Sim, trata-se mesmo de uma importante vitória. Foi o resultado do largo movimento da opinião democrática dinamizado por ex-presos políticos, familiares, amigos, muitos democratas, antifascistas e pela URAP que contrariou a intenção do governo para transformar a Fortaleza de Peniche em espaço hoteleiro de gestão privada. Foi uma luta que alcançou o seu objetivo. O Museu tem estado a ser erguido, a sua inauguração e abertura vai ser um dos maiores e mais simbólicos acontecimentos das celebrações dos 50 anos da Revolução de Abril.
A velha Fortaleza de Peniche, onde entre 1934 e 1974 funcionou uma das mais sinistras cadeias do fascismo é agora um fundamental museu da resistência e liberdade que mostrará em cada recanto, em cada corredor e sala a sala, a história, a informação, as fotos, os testemunhos e as pequenas celas com os gradeamentos onde dias e noites durante meses e anos se vivia, naquele silêncio apenas interrompido pelo barulho do mar e o grito das gaivotas.
Ao passarmos o antigo espaço do recreio dos presos, logo à direita do pavilhão B, naquela parede comprida ficam agora as fotos e pequenas biografias dos mais de 200 mártires, na sua maioria comunistas, assassinados pela PIDE, o Memorial que se junta a outro Memorial logo à entrada, onde figura um a um, o nome dos mais de 2.500 presos antifascistas que entre 1936 e 1974 ali cumpriram as penas, os acórdãos dos tribunais fascistas e, muitos deles, as infindáveis medidas de segurança indicadas pela PIDE.

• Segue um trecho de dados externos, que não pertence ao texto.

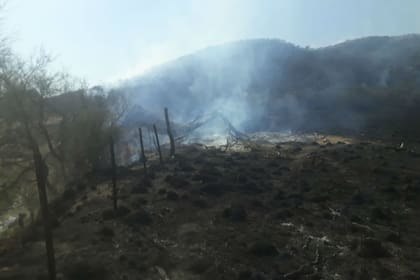 El incendio tardó tres días en llegar a la vera de la casa de la familia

A CONTRARREVOLUÇÃO E A LUTA QUE CONTNUA. 25 DE ABRIL SEMPRE, FASCISMO NUNCA MAIS!
A Revolução de Abril foi um processo único, quem o viveu e nele participou não o esquecerá.
Mas foi um processo libertador que sempre teve opositores. Desde muito cedo, fascistas e reacionários começaram a conspirar. Só a experiência e a lucidez dos democratas e a forte ligação entre o povo e os militares, a tal dinâmica povo-MFA, permitiu derrotar a conspiração e enfrentar os obstáculos e seguir com novos avanços.
Mas tratou-se de uma revolução sem um verdadeiro poder revolucionário. Nos governos estavam ministros identificados com a Revolução, mas também outros para a travar e trair. Foram sempre muitas as pressões, o ambiente de mentiras, as sabotagens e os conflitos e assim logo nos primeiros momentos se deram as tentativas de golpadas, quando, por exemplo, se procurou impedir a libertação de todos os presos políticos e o povo gritava a exigir a sua libertação e dentro das cadeias soava também o grito “ou todos ou nenhum”.
Seguiu-se o “golpe de Palma Carlos”, então primeiro-ministro, tendente a concentrar poderes no Presidente da República e assim esvaziar o MFA e o papel libertador dos militares. Depois em 28 de setembro a conhecida operação reacionária da “maioria silenciosa”. Foram diversas as tentativas de golpes que o povo e os militares do MFA derrotaram.
Meses mais tarde, em 11 de março, de novo a instrumentalização golpista iniciada com tentativa de assalto ao RALIS. Em todas elas esteve envolvido Spínola, fascistas e reacionários, contando até com a cumplicidade, senão mesmo envolvimento, de partidos que dando o dito por não dito foram metendo na gaveta parte substancial dos seus programas, ideias e compromissos que proclamaram em inflamados discursos.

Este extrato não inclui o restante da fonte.